That is only true if you are making a weapon for a specific monster with known resists, then you target the weakest resist - e.g. 100% fire weapon for miasma.
But, if you are making a general weapon (not a slayer) then it actually helps a little. Do the math or use the Stratics calculators to see what I mean.
I have done the math - I was a math teaching major before health made me drop out of college as a Senior. (so, I'd had and passed with As & Bs all the math and statistics courses up to Calculus IV). You're reading too much into those numbers.
The Stratics Calculator (And all the calculators like it) are based on the assumptions
1. That CW is not used
2. The weapon has no elemental properties other than imparted by the metal.
which one or both typically aren't true.
When you start running into the creatures that have high resists overall (which happens to be, most of the time, when you start crafting weapons for specific tasks), the benefits of a weapon getting only the metal type virtually evaporate.
The only creatures that you potentially benefit with a Valorite weapon against are ones that have Physical as their highest resist (which I'll admit is the most common), and even then you're tossing 40% of the resist still against their best resist. In many cases, you'd be better off with Verite (which only leaves 30% in Physical Damage).
Consecrate weapon is 100% Damage versus the worst resist.
Armor Ignore is 90% damage versus ZERO resist.
If a creature's resists are all high, all valorite will do is give you 0-5 more points of damage (typically, the quicker the weapon, the lower the benefit), that typically are insignificant when fighting anything that takes ten or less hits to kill.
An extra 5 points an attack is significant in PvP; in PvM, you'll have to do 10-20 attacks with a valorite weapon to where the damage is statistically different (from using a normal weapon (and might be less, based on the creature's resists, instead of more) - and if you're fighting it that long, you've probably lost track of number of hits already. Consider that if something has 540 HP, 6 hits at 100 is no different than 6 hits at 95 (and in a real game situation, that 100 would more likely be 98 or 97). The chance of just lucking into mobs where that tiny bit of damage will make more than 1 attack difference (with that much variability already present in the hit chance rolls), is fairly slim - especially since most fights are so short. If fights are longer, then you're usually back to fighting specific monsters again, and you exempted them from the discussion yourself.
In fact, it's only when elemental damage is used WITH a slayer, that the amount from a 3, 4 or 5 type spread can become significant, and only if they are weighted toward the weak resists (not without a slayer, as you seem to think). The damage changes from elemental damage are applied to the base damage, and the slayer is a DI bonus - elemental damage is a multiplier, and goes thanks to the properties of multiplication have the same effect if done before or after DI is added. That you think that it helps more with non-slayers actually goes to show how much having damage spread out into the best resists as well as the poor ones NERFS the benefit of using a slayer.
BTW...
In my testing, against creatures with all resists over 40%, I do more damage with a single Armor ignore, than with 100% damage versus their worst resist for the duration of CW (or using a 100% weapon), for only slightly higher mana cost. Have high hit mana leech on the weapon, and only trigger AI every other attack, and you can keep the ball rolling indefinitely.

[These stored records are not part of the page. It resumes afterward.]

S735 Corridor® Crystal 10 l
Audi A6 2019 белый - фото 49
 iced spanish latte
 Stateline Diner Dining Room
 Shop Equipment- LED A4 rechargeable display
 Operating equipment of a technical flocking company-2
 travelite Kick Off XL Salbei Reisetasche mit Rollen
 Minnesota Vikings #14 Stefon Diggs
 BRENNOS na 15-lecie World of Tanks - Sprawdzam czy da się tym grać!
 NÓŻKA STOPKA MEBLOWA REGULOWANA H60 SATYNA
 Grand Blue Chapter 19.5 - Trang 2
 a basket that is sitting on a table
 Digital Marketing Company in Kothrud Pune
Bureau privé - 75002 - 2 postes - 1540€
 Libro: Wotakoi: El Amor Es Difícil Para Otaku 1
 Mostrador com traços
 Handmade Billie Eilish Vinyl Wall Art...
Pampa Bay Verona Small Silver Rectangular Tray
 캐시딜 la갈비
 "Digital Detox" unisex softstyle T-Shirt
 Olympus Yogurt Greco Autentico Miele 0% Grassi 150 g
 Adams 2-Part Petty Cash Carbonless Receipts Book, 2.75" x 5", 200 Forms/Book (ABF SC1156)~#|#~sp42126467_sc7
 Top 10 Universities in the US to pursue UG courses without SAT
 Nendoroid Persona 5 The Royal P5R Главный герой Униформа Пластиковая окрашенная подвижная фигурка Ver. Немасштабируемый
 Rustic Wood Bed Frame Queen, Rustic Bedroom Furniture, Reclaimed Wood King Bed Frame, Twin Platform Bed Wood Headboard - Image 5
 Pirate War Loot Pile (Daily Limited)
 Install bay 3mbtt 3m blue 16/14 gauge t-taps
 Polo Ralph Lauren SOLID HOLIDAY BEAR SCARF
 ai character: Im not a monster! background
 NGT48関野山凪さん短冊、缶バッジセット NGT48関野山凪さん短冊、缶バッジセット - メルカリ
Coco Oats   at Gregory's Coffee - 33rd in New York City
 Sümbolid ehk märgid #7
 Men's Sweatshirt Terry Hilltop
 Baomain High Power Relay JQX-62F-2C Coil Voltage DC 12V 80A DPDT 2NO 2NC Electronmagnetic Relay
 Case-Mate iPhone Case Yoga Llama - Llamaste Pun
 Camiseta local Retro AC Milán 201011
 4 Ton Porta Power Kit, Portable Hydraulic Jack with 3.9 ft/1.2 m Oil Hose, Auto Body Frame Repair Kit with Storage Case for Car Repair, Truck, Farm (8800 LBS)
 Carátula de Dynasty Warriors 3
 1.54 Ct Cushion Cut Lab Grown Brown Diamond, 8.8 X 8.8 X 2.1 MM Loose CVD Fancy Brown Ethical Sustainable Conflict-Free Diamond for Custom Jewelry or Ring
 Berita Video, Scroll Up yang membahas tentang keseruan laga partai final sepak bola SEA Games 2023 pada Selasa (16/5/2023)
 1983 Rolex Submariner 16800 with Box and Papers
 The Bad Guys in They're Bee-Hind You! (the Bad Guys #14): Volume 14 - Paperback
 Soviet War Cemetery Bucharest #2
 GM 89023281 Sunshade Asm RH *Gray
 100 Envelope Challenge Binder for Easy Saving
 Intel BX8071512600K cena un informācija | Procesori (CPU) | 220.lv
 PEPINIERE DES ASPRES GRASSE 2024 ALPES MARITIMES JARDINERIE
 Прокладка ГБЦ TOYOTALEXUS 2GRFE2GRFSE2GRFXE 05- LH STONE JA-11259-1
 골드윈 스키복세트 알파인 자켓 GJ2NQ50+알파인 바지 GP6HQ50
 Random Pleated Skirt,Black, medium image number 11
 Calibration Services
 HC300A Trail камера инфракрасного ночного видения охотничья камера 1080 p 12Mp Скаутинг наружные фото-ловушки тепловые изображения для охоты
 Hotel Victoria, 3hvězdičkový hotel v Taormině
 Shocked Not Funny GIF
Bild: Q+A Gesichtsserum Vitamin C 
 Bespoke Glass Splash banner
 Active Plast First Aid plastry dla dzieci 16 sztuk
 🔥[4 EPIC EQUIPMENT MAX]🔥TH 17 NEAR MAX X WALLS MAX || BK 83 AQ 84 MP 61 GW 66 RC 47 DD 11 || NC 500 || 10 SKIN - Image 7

There was an event on Lake Austin back around 2003 or 2004, where we had to fight some awful baddy down near the Exodus stronghold in Ilshenar (luckily, the EM spawned it far enough away from the regular spawn for it not to be an issue, and it was before paragons).
After a half-hour, we hadn't even managed to start the health bar moving past a tiny sliver of red; most of the time the thing was healed back to full. Finally, it dawned on us that when it did show some damage, it was after someone had hit with an AI. It took some doing (and some people running for backup weapons), but once everyone got on the same page and started spamming AIs, we dropped it in 5 minutes, from full health, when 20+ tamers (and their dragons of WW/mare combos) and a like number of warriors (most using EoO and Consecrate, or valorite weapons) hadn't scratched it for 30 minutes.